今回の震災で気になったのが「ちょっと制服組と官邸の意思疎通が悪いな」ということです。何がどうだということを書くのは避けておきますが、官邸において制服組の知見が必ずしも活かされていないなということを感じました。勿論、内閣危機管理監の下には制服組は出ていたと記憶していますが、何処まで意義あるかたちで活躍の場があったのかについては相当程度留保があります。


 今、総理大臣を支える秘書官は7名。政務秘書官が1名、事務の秘書官が5名体制で厚生労働(筆頭)、財務、経産、警察、外務で、その後、秘書官事務取扱として防衛省背広組が事実上の事務秘書官に入ってきています。その他にも、官房副長官補として内政、外政、安全保障・危機管理の3名がいます。

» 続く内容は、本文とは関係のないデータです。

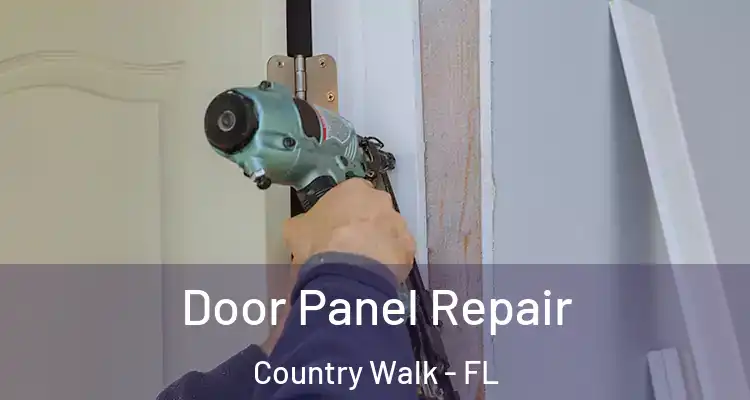 Door Panel Repair Country Walk - FL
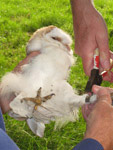 Ringing the owls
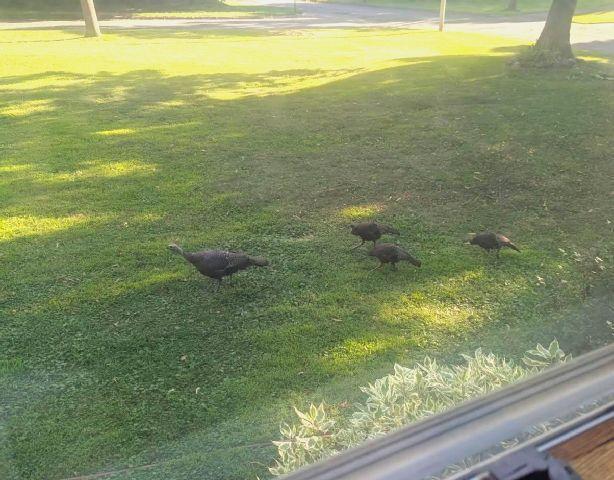 202 2nd Avenue North Frederic, WI 54837 - Photo 50 of 57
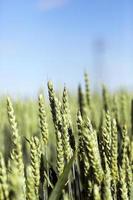 unripe ears of wheat photo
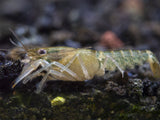 Red Cheek Crayfish (Cherax boesemani)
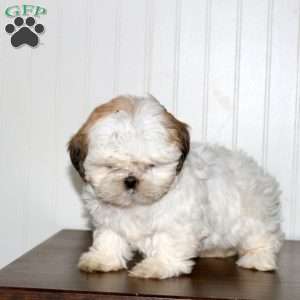 Sarah, Shih Tzu Puppy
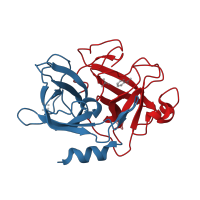 The deposited structure of PDB entry 1f5k contains 2 copies of CATH domain 2.40.10.10 (Thrombin, subunit H) in Urokinase-type plasminogen activator chain B. Showing 2 copies in chain A [auth U].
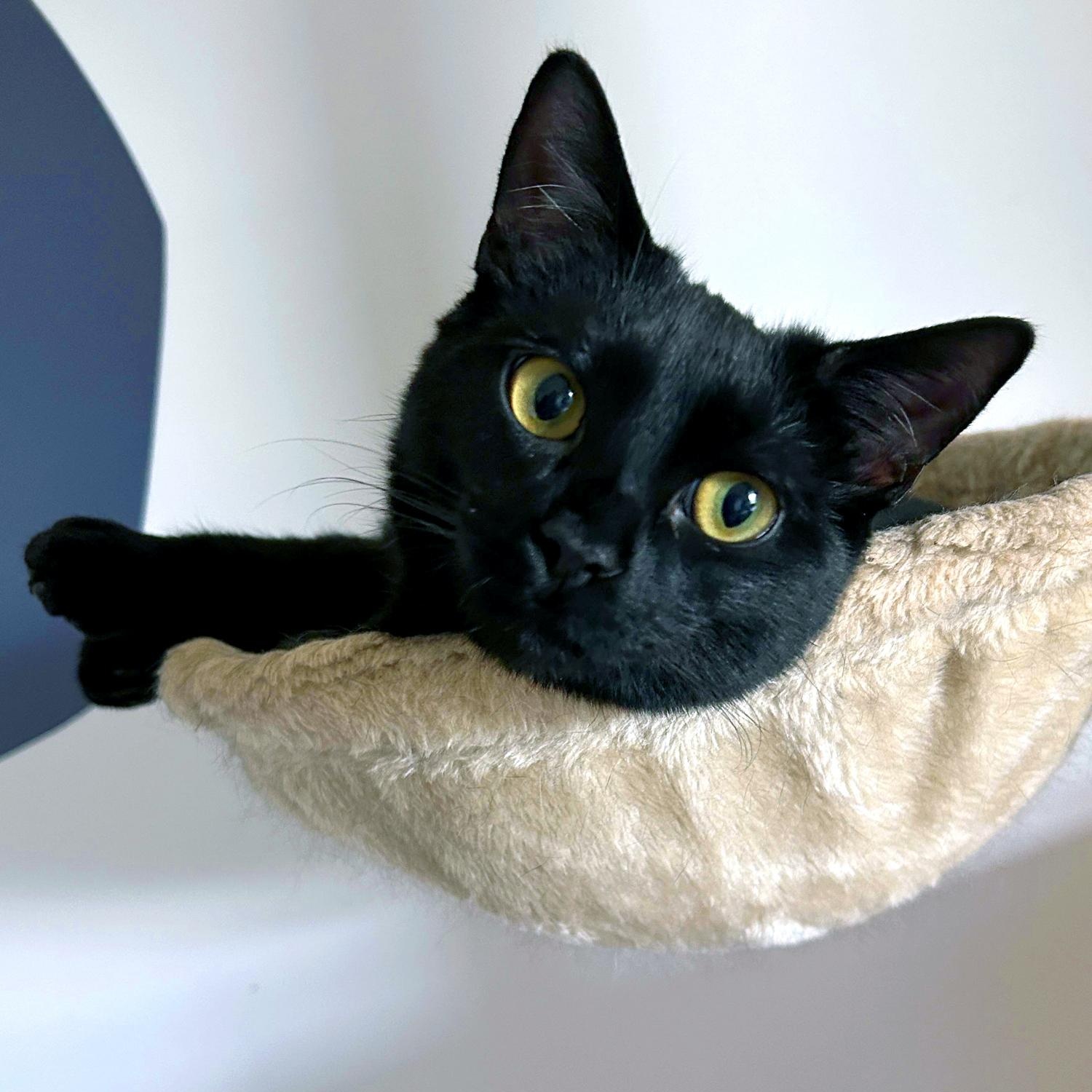 Reginald & Jonah, a Adoptable Domestic Short Hair in Charlotte, NC image 2/5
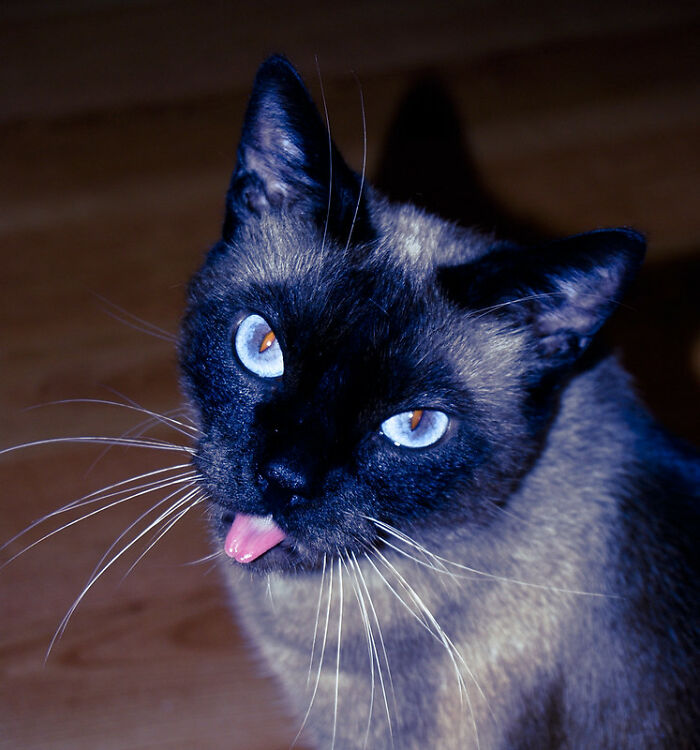 20 Realidades difíciles de aceptar que la gente reconoce y comparte sabiamente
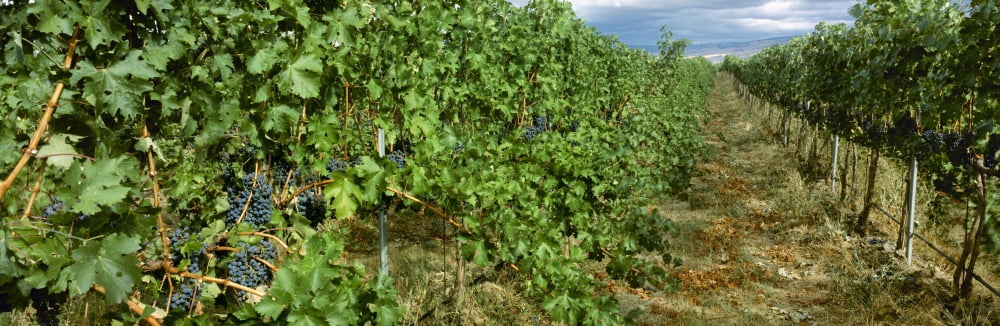 Agriculture - Vineyard of mature Cabernet Sauvignon wine grapes ready for harvest Walla Walla County Washington USA Canvas Art - Charles Blakeslee Design Pics (36 x 12)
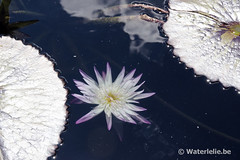 Nymphaea Avalanche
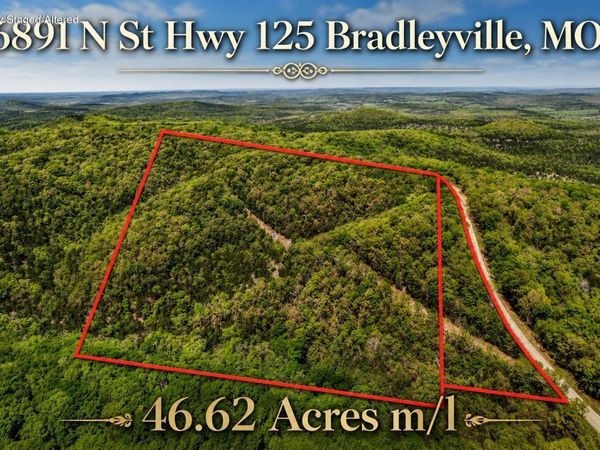 6891 N State Highway 125 , Bradleyville, MO 65614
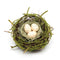 Moss Covered Twig Birds Nest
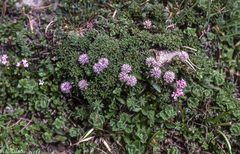 Globularia repens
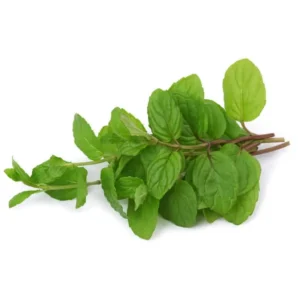 Mint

 この秘書官制度、常に秘書官を出しているのは政務+財務、経産、警察、外務までです。麻生総理の頃は事務の筆頭秘書官は総務省から来ていました(が、その後、総務省からは秘書官が出ていません。)。菅総理は厚生労働から事務筆頭秘書官を連れてきて、しかも、かなり無理をした純増分として防衛省から念願の秘書官が入っていますが、厚生労働と防衛については次の政権では入るかどうかは分かりません。上記の秘書官を出している役所以外の役所は参事官クラスで内閣官房に人を出せるだけで、非常に総理との緊密さに差が出ます。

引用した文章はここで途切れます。